By: Andre Almaraz
Album Type: EP
Date Released: 12/05/2017
Label: Independent |
Black Bow Records
If you’re a fan of heavy sludge, doom, and death/doom, I don’t see how you could possibly not dig this album. The production is amazing and the tone is ultra-heavy. The drums pound mercilessly, the bass hits like a 50 pound maul, and the vocals pull it all together perfectly. Give this a listen now.
“Beneath” CD//DD//LP track listing:
1). Guile As A Vice
2). Succumbing
The Review:
Up for review here is “Beneath,” the new 2017 album by Melbourne, Australia’s Merchant, which is brought to us by in part (digitally) by the mighty Black Bow Records. The album consists of only two tracks, but each one is almost fifteen minutes in length so rest assured that there is no skimping on the sludge soaked riffage that lies within the recording.
The album opens with the appropriately titled “Guile As A Vice,” which begins with some chattering feedback and then quickly gives way to a solitary guitar strumming some somber yet powerful chords. Before long, the drums and bass kick in and all is well with the world as the syrupy groove grabs a hold of your soul and moves your bones in agreeable unison to the soothing sounds….
But then suddenly, after we’ve grooved out for about 5 minutes, the mood changes, the vocals chime in, and just like that, things aren’t so smooth and syrupy any longer. Now is the time when the vicious vocals spew forth their venom all over our speakers like a sludge bomb going off in our faces and coating our remains in a cryptic slurry. The track surges and then slows until we are taken by force into a lumbering, crawling pace. Drums pound and vocals wail away as duress and despair are the feelings evoked from here on out by the rhythmic repetition and droning guitars which set the tone for this ungodly apocalypse. As the song comes to an abrupt end, we are left feeling as if a great burden has been lifted from our chests.

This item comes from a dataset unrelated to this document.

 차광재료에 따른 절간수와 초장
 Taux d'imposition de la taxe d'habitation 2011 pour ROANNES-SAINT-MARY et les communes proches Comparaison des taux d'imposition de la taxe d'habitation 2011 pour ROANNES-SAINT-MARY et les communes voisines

Enter track two; “Succumbing,” which indeed, I feel as if we already have. Havoc, hatred, and hopelessness pound us into the ground from the opening blast. This song does not care to spend any time easing us into the assault as was the modus operandi of the first one. Again, tempos ebb and flow while never losing sight of their groove; an admirable feat of musical dynamics. Billowing clouds of guitars waft over us like we’re drowning in a sea of sanguine serenity. We have no choice but the let the waves wash over us and pull us under the swirling tide. After almost ten minutes, the barrage gradually slows to the bitter end as amplifier hum and whirling feedback drift us out into the eerie unknown.
If you’re a fan of heavy sludge, doom, and death/doom, I don’t see how you could possibly not dig this album. The production is amazing and the tone is ultra-heavy. The drums pound mercilessly, the bass hits like a 50 pound maul, and the vocals pull it all together perfectly. Give this a listen now.